Within hours of the prizes’ announcement, “Dead End in Norvelt” and “A Ball for Daisy” were both in the top 50 on Amazon.com and both out of stock.
Gantos and Raschla are well established in children’s publishing. Gantos, 60, has been a finalist for the Newbery and the National Book Award. Raschka, 52, won the Caldecott in 2006 for “The Hello, Goodbye Window.” The Newbery and Caldecott prizes were announced Monday by the American Library Association during its midwinter meeting in Dallas.
Gantos’ novel follows the humorous adventures of a boy named Jack Gantos, grounded “for life” by his parents and prone to the most gushing nosebleeds. But he is restored by the stories he learns about his hometown, Norvelt, a planned community in Pennsylvania founded during the Great Depression.
The author is more than a little like the Jack Gantos of his book. He spent part of his childhood in Norvelt and shares his character’s sensitive nose. Gantos said he thought of “Dead End” after giving a eulogy for his aunt that looked back on Norvelt’s special past.
“I talked about the spirit of people helping people, and how people really banded together,” Gantos said during a telephone interview from his home in Boston. “And at the end of my eulogy, a lot of people came up to me and said they didn’t know about the history of Norvelt. I love history, and I love humour, so I thought history could use a little humour.”
Raschka’s wordless picture book, told through watercolour, ink and gouache, recounts the saga of a dog whose beloved red ball is stolen by a bigger dog.
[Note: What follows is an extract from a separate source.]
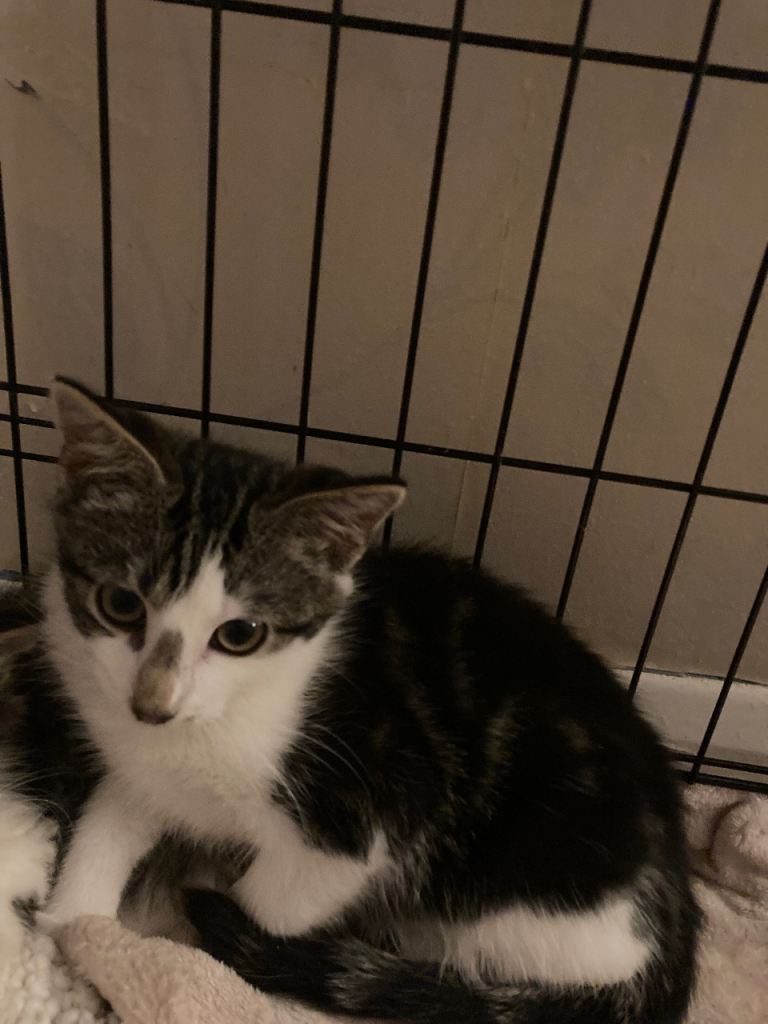 Male kitten ready now 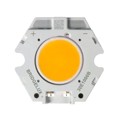 BXRC-27E1000-B-22 - LED ARRAY 1000LM WARM WHITE COB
The ball bursts and Daisy’s spirit seems to break with it, until the other dog returns with a blue ball that leaves the pets and their owners equally content.
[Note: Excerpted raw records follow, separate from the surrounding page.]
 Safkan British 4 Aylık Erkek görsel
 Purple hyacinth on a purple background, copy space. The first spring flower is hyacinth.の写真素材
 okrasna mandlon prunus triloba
Other winners were announced Monday, including John Corey Whaley’s “Where Things Come Back,” which received the Michael L. Printz Award for best young adult literature; and Kadir Nelson’s “Heart and Soul,” winner of the Coretta Scott King Book Award for best African-American story. The King prize for best illustrated book was given to Shane W. Evans’ “Underground: Finding the Light to Freedom.”
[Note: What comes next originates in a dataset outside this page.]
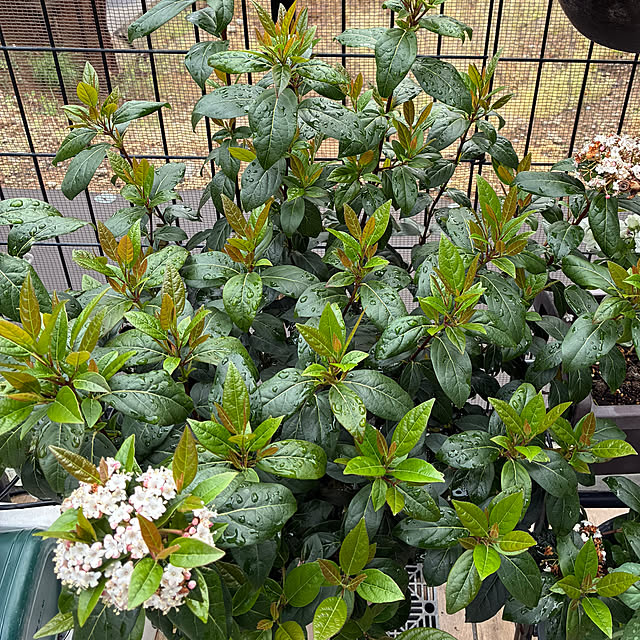 romiromiさんの部屋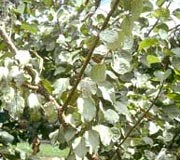Silver leaf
Jesmyn Ward’s “Salvage the Bones,” winner last fall of the National Book Award for fiction, was among 10 recipients of the Alex Award for adult books that appeal to teens. Others cited included Erin Morgenstern’s acclaimed debut “The Night Circus” and David Levithan’s “The Lover’s Dictionary.” Bill Wright’s “Putting Makeup on the Fat Boy” received the Stonewall award for “exceptional merit relating to the gay, lesbian, bisexual and transgender experience.”
The Pura Belpre award for best Latino author went to Guadalupe Garcia McCall for “Under the Mesquite,” while the Belpre illustration prize was given to Duncan Tonatiuh for “Diego Rivera: His World and Ours.” Translator Laura Wilkerson’s work on Bibi Dumon Tak’s “Soldier Bear,” originally published in Dutch in 2008, won her the Mildred L. Batchelder Award for best book translated from a foreign language.
Susan Cooper, known for her fantasy series “The Dark is Rising,” won the Margaret A. Edwards award for lifetime achievement in young adult literature.